No
brusco despertar de nos encontrarmos – por assim dizer – outra vez na terra, só
uma pessoa nos deu forças para continuar vivendo: Jesus Abandonado, presente no
mundo que devíamos amar, esse mundo que assim é, justamente porque não é Céu.
            Numa
segunda escolha, mais consciente, mais lúcida, d’Aquele que nos chamara para
segui-lo, brotou de minha alma a notória decisão:
            Tenho
um só Esposo na terra:  Jesus  Abandonado. 
Não tenho outro Deus 
além  d’Ele. 
N’Ele está todo o paraíso com a Trindade e toda a terra com a 
humanidade.
Por isso, o seu é meu e nada mais.
Sua é a Dor universal e, portanto,
minha.
Irei pelo mundo à sua procura em
cada instante da minha vida. 
O que me faz sofrer é meu.
Minha, a dor que me perpassa no
presente. Minha, a dor de quem está ao 
Meu lado  (ela é o meu Jesus).  Meu, 
tudo  aquilo  que 
não é paz, gáudio, 
belo, amável, sereno...  Numa palavra: aquilo que não é paraíso.   Pois eu 
também tenho o meu paraíso,  mas ele está no coração do meu Esposo. 

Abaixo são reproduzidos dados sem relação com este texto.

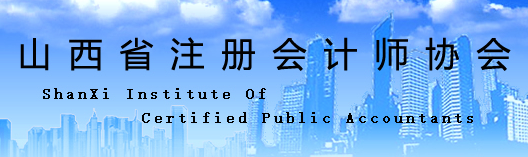 山西省太原考區(qū)2020年注冊(cè)會(huì)計(jì)師考試  應(yīng)考人員出行提示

Outros paraísos não conheço. Assim
será pelos anos que me restam: 
sedenta de dores, de angustias, de
desesperos, de melancolias, de 
desapegos, de exílio, de abandonos,
de dilacerações, de...  tudo aquilo que 
é Ele, e Ele, é o Pecado, o
Inferno.
Assim, dessecarei a água da
tribulação em muitos corações próximos e 
– 
pela comunhão com meu Esposo
onipotente – distantes.
Passarei como fogo que devora tudo
o que há de ruir e deixar em pé só a 
Verdade. 
Mas é preciso ser como Ele, ser Ele
no momento presente da vida.
Escrevi que “Ele é o Pecado, o
Inferno”[1].
Pavel Evdokimov diz: “O Espírito
Santo não une mais o Filho ao Pai, e o Filho constata o rompimento, o abandono;
é a solidão no âmago da Trindade, o sofrimento de Deus. O inferno de Deus... “
(Evdokimov, 1969, p. 109).
Para Hans Urs von Balthasar, Jesus
Abandonado é e não é o inferno:
A treva do estado pecaminoso é
certamente experimentada por Jesus de 
um modo que não pode ser idêntico à
que os pecadores (que odeiam Deus)
 teriam de experimentar [...], no entanto, é
mais profundo e mais obscura do 
que esta, porque se passa
internamente na profundidade da relação das 
hipóstases divinas, inimaginável a
toda criatura.
Portanto, pode-se igualmente bem
afirmar que o abandono de Deus em 
Jesus é o contrario do Inferno, e
que é exatamente o inferno (cf. Lutero, 
Calvino), até mesmo a sua extrema
intensidade. (Balthasar, 1986, p.313) 
[1]  O
teólogo ortodoxo Olivier Clément também escreve: “Através de suas humilhação,
de sua Paixão, de sua morte de maldito, o Cristo deixa entrar em si todo o
inferno, toda a morte da condição decaída, até a acusação decaída, até a
acusação terrível do ateísmo: ¢Deus meu, Deus meu porque me abandonaste?¢” (Clément, 1990, p. 147).